Homelab HA Kubernetes Cluster Upgrade: My New Shrine / Altar

INTRODUCTION
In the beginning, there was MicroK8s on a Mac Studio. It was fast with 3 controlplane and 3 worker nodes, it was ARM64, but it was lonely. Today, I stand before a high-availability monument built on Proxmox with Terraform, orchestrated with Ansible, and maintained with GitOps using FluxCD.
Not long ago, my entire Kubernetes universe lived inside a humble Mac Studio — a single microk8s cluster with 6 nodes running on ARM64. It was cute, quiet, and completely unfit for the kind of multi‑DC, production‑grade nonsense I wanted to learn.
So I burned it down.
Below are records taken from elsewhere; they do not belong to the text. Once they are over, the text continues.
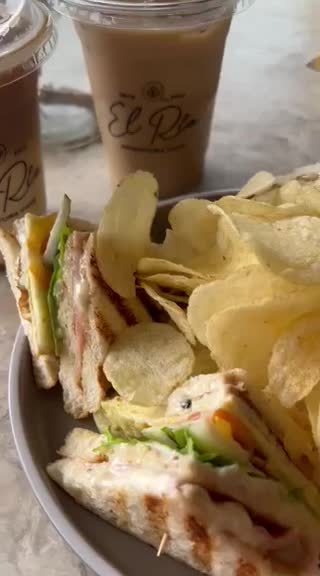 El Rio Adventura Café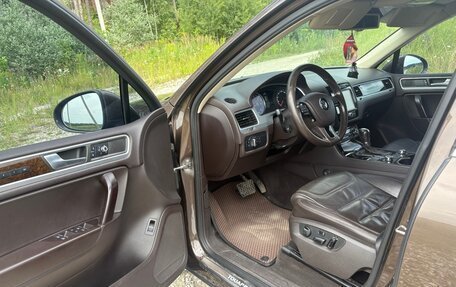 Volkswagen Touareg III, 2012 год, 1 850 000 рублей, 6 фотография
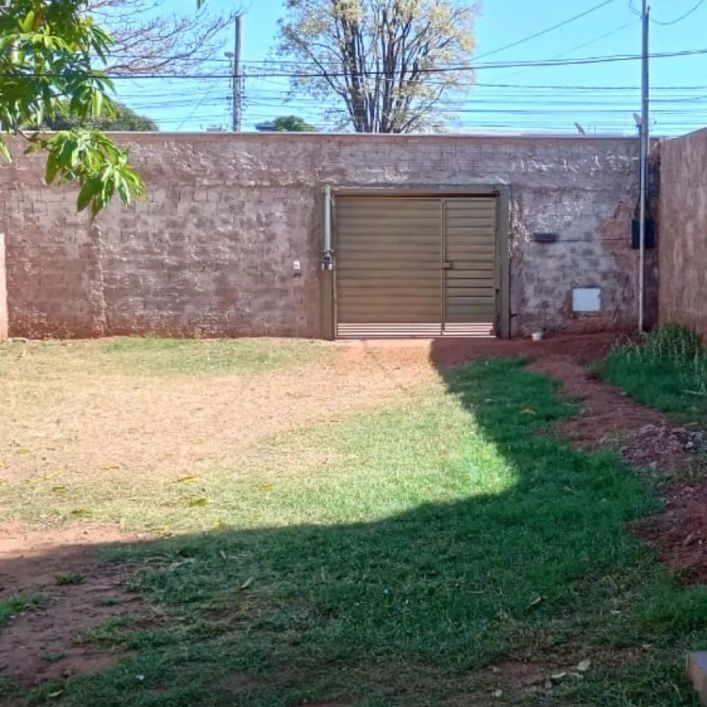 Casa a venda com 3 quartos sendo 2 aptos, na avenida Gualter Barbosa no Nova Lima em Campo Grande MS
And built this new place of worship.
Today, I run a high‑availability kubeadm cluster across three bare‑metal Proxmox Datacenters, all managed with Terraform, Ansible, and FluxCD. No cloud vendor lock‑in. No magic. Just a rack full of metal, a bunch of cables, and a lot of terminal time.
This is the story of my shrine — and how you can build one too.
UGLY WIRING:
MAJOR REASON WHY I CALLED IT SHRINE 😂
Traffic Flow at a Glance
Before we dive into the layers, here's how the traffic moves from my "pulpit" (Mac Studio) to the "shrine" (the cluster):
No inbound holes – all management traffic originates from my Mac or the cluster itself (GitOps pulls). This is how real datacenters work.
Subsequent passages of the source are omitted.